• **Data provided**
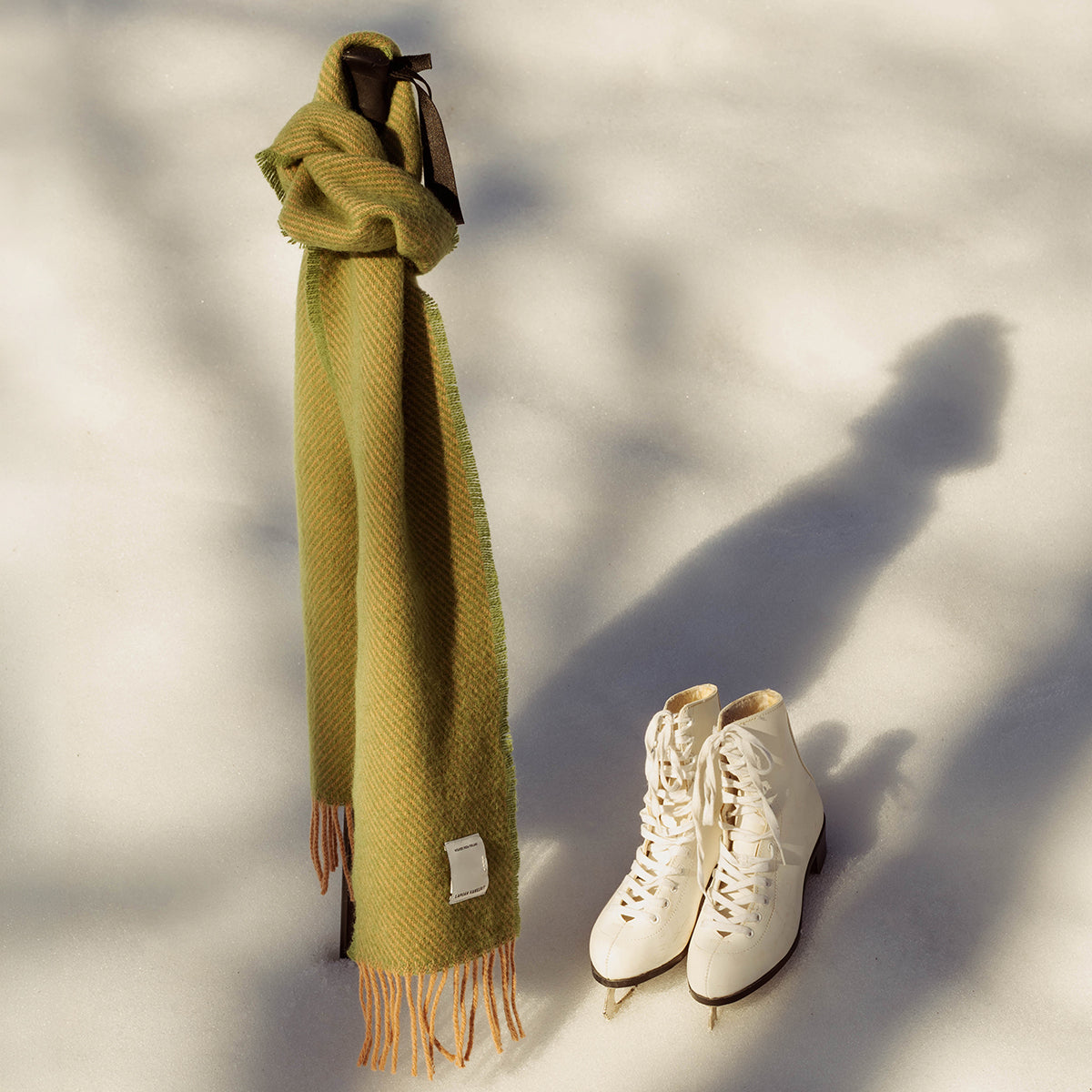 Lapuan Kankurit Ilo Olive Green / Powder Wool Scarf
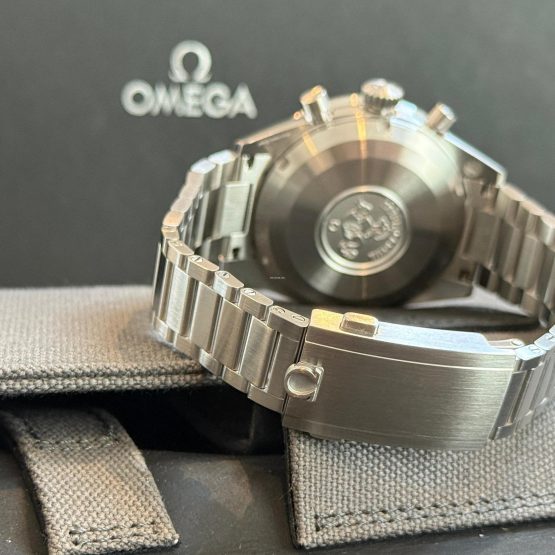 Omega-Speedmaster-15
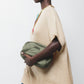 Maglione oversize in lana con collo alto e maniche a pipistrello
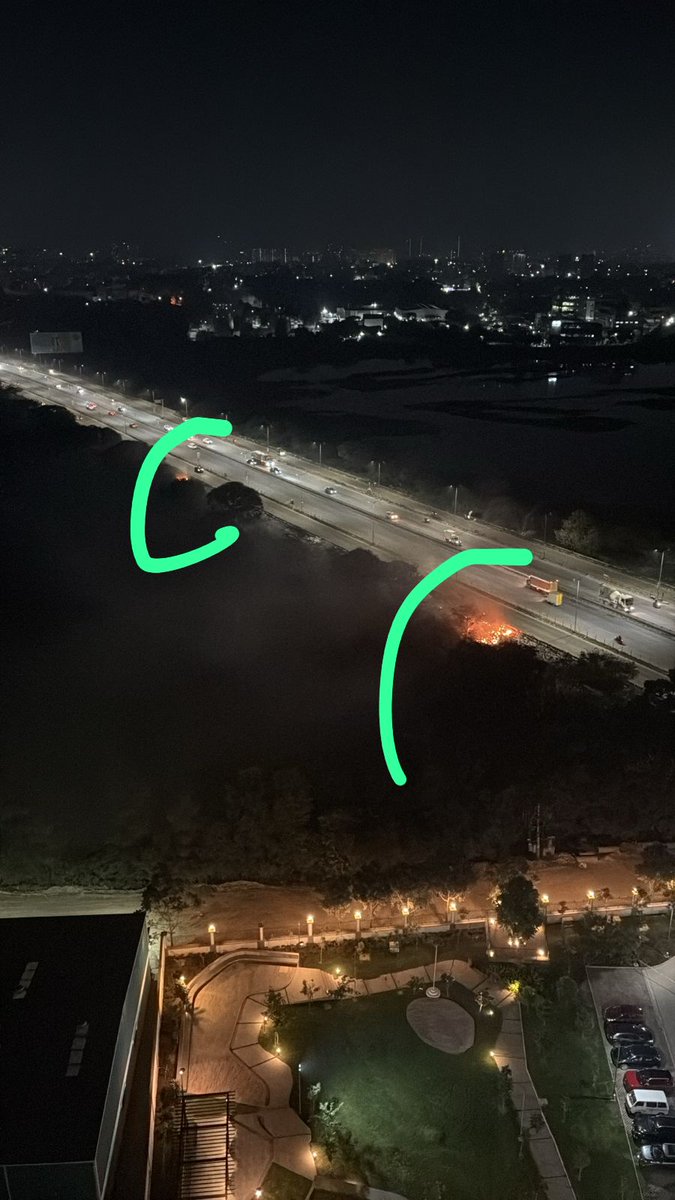 vkrishna17's tweet photo. @panda_sujit @GBA_office @the_hindu @KareeGowda_IAS Meanwhile, BSWML is busy fining individuals for littering, but ignores *daily*  waste dumping &amp; open burning near Yele Mallappa Shetty Lake service road. Trucks are dumping openly on the road side. https://t.co/2PAMDfPEDU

• **Required work**
Copy nothing but the lines from the one containing "Omega-Speedmaster-15" through the last line of the listing above, transcribed exactly and with no pictures.

• **Answer space**
 Omega-Speedmaster-15
 Maglione oversize in lana con collo alto e maniche a pipistrello
 vkrishna17's tweet photo. @panda_sujit @GBA_office @the_hindu @KareeGowda_IAS Meanwhile, BSWML is busy fining individuals for littering, but ignores *daily*  waste dumping &amp; open burning near Yele Mallappa Shetty Lake service road. Trucks are dumping openly on the road side. https://t.co/2PAMDfPEDU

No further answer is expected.